One of Community Dining’s new initiatives focuses on screenings of films that stimulate conversation about insufficiently explored topics and challenge people to view these topics through a new paradigm. Most Likely to Succeed, “a thought-provoking documentary feature film that reveals the growing shortcomings of conventional education methods in today’s innovative world”, does just that. “The film explores compelling new approaches that aim to revolutionize education as we know it, inspiring school communities to reimagine what students and teachers are capable of doing. To date, MLTS has screened for thousands of audiences around the world, igniting conversations and empowering change along the way.”
Given that author, speaker, and education advisor Ken Robinson’s TED Talk “Do Schools Kill Creativity?” has become the most popular of all time with over 62 million views and poet and filmmaker Prince EA’s “I Sued the School System” video has nearly 20 million views, the idea that schools stamp out creativity and severely limit human potential should come as no surprise.

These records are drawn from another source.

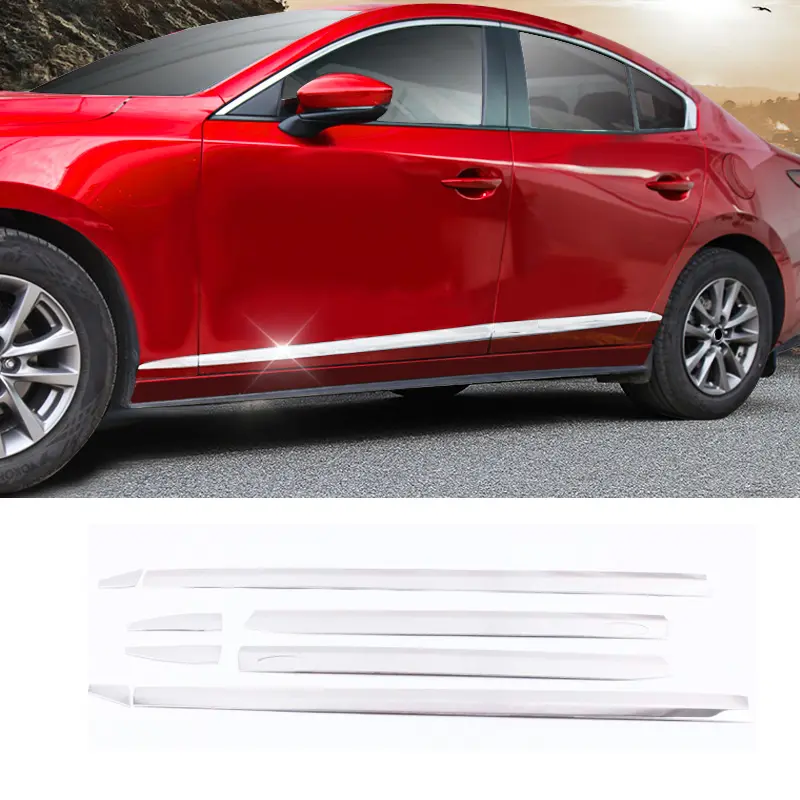 Kits de carrosserie pour mazda 3 axela mazda6 atenza cx-5 cx-30 2012-2023 kit de bord de porte décoration protection style couverture auto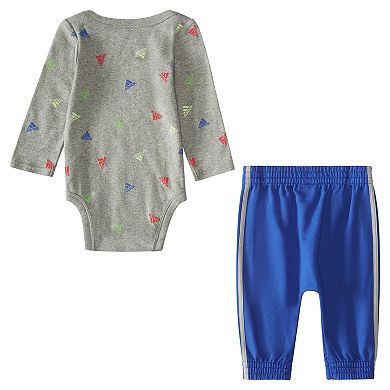 Baby & Toddler Boy adidas Bodyshirt & Jogger 2-piece Set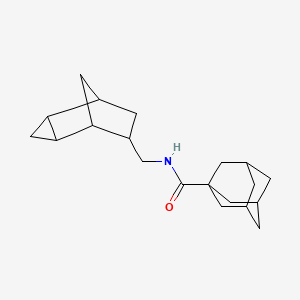 N-(tricyclo[3.2.1.0~2,4~]oct-6-ylmethyl)-1-adamantanecarboxamide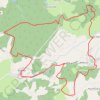 Trace GPS Rilhac-Lastours, itinéraire, parcours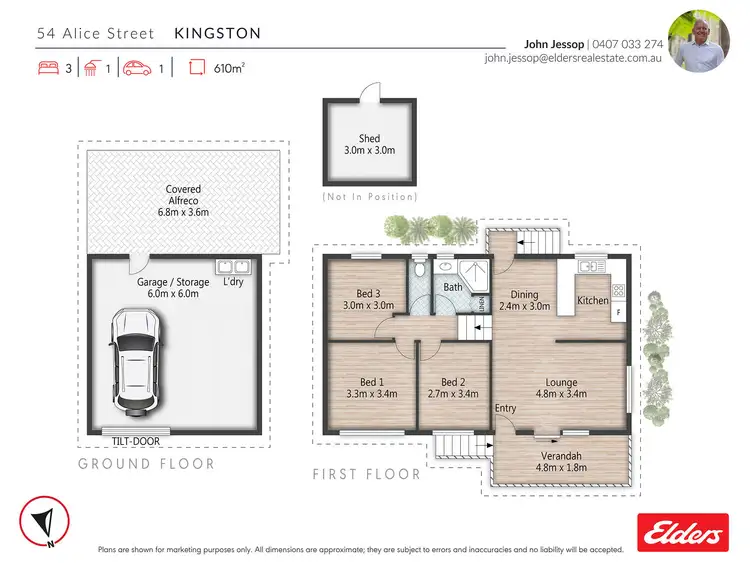 Floorplan of Homely house listing, 54 Alice Street, Kingston QLD 4114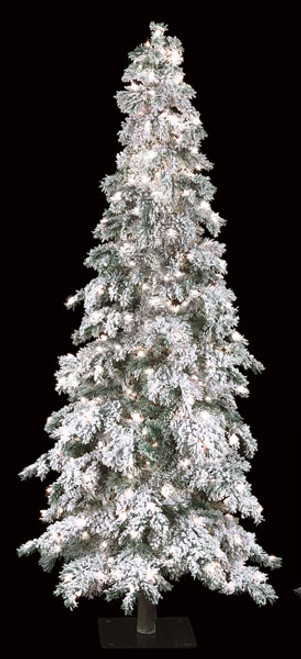 7 Flocked Carolina Pine Tree 7 Flocked Carolina Pine Tree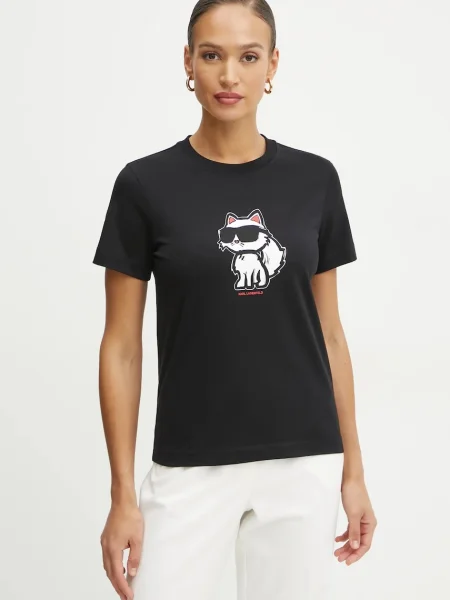 Majica Karl Lagerfeld za žene crna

As Ken Robinson stated in a follow up talk to the one referenced above, “Human communities depend on a diversity of talent, not a singular conception of ability” and “A three year-old is not half a six year-old.” We all inherently know how we naturally learn and that something feels deeply wrong with the way in which our school system “educates” us. This film does a great service because it brings these ideas to light and helps us better express and discuss what we may not have previously been able to clearly articulate.
The organizer and funder Ted Dintersmith, an author, speaker, and venture capitalist, visited approximately 200 schools throughout all 50 states, giving him significant insight into our current educational system and helping develop a vision of what school could be, which he incorporated into the film. This discussion guide that Dintersmith created will serve as the basis for the follow up conversation we will have after after the film.